Way back in 1991, I was an actress with Theatr West Glamorgan, and one of the productions we wrote and toured throughout South Wales was called “Smiling Through” and commemorated the 50th anniversary of those three nights. It was in researching material for that play, all those years ago, that I became personally so particularly hooked on the history. Consequently, a while ago, realising that the 75th anniversary was looming, I felt Swansea deserved, and needed, to mark the occasion again, to learn about it, and honour it, even.

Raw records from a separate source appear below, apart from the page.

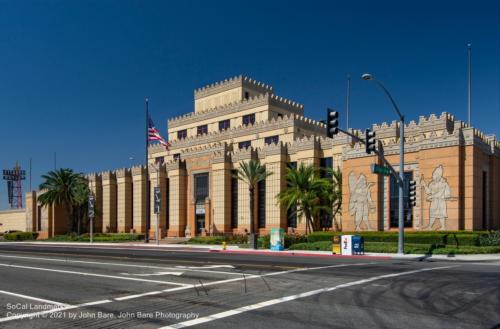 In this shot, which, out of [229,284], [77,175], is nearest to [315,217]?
[229,284]

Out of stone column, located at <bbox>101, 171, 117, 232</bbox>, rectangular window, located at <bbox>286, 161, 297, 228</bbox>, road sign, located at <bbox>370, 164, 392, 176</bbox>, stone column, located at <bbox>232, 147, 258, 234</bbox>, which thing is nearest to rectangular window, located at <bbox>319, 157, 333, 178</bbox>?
rectangular window, located at <bbox>286, 161, 297, 228</bbox>

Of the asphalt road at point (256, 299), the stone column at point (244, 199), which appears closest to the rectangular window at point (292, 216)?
the stone column at point (244, 199)

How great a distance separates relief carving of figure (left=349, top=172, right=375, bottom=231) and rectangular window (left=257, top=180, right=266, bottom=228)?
47.6 ft

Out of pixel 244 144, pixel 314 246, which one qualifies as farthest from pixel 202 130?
pixel 314 246

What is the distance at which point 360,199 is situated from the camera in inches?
1633

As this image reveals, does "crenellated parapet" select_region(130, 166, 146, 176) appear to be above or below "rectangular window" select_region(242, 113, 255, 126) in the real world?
below

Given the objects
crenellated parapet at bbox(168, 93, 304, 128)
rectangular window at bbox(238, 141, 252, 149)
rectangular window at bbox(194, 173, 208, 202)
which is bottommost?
rectangular window at bbox(194, 173, 208, 202)

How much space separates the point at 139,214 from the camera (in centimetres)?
6906

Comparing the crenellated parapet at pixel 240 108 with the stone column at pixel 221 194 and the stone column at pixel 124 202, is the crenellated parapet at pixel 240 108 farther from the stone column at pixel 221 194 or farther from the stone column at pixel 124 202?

It’s almost unimaginable to us, in Swansea, today. By the end of those three nights, during which 1273 high-explosive bombs and 56,000 incendiaries were dropped, 41 acres of the centre of town lay devastated. On the snowy freezing Saturday morning of the fourth day, fires were still raging, gas, electric and water supplies had been destroyed, 857 properties had been flattened and 11,000 damaged, almost 7,000 shocked people were homeless and hungry. There were 230 dead and 409 injured. And there was little food : during those three days 171 food shops had disappeared : grocers, butchers, bakers, hotels, cafes and restaurants, not including the flattened market. The hospitals were bomb-damaged, the morgue was full, council-owned buildings had been requisitioned to contain the dead, and coffins had to be brought in from far afield. It was a town laid waste, in three short days.
But it wasn’t because this was the only consecutive-night air-raid suffered by Wales during the war, and caused the greatest damage, that I became so interested. It was because there was something special about the experience – it seemed so devastatingly “personal”. Working through the excellent material collected in the Archive in Swansea, I encountered so many stories and details of so many ordinary lives, and was inspired by so many loose ends of information, that I became intrigued and fascinated.
Imagine the vulnerability of that great open crescent of a bay, dusted with snow, lying defenceless under a brilliant full moon; think about the closeness of the people and their homes, to each other, and to the docks, and to the beating heart of their town; try to understand the common, intense and concentrated experience they must have shared, of that persistent unexpected and sustained bombing, over a relatively small area, and over such a short horrifying space of time. The personal accounts and stories which have accumulated over the years, and to which I have gained access, paint a devastating, tragic, heroic, moving – sometimes even funny – account of what must have been completely terrifying.
That’s what drew me in – tiny details, tiny lives, all dragged into the enormity of War. It’s a huge and really special story, and I very much hope that the play we have put together to mark the occasion will do justice to all the people who survived the experience, those who lost their lives, and those who lost loved ones too, 75 years ago this week.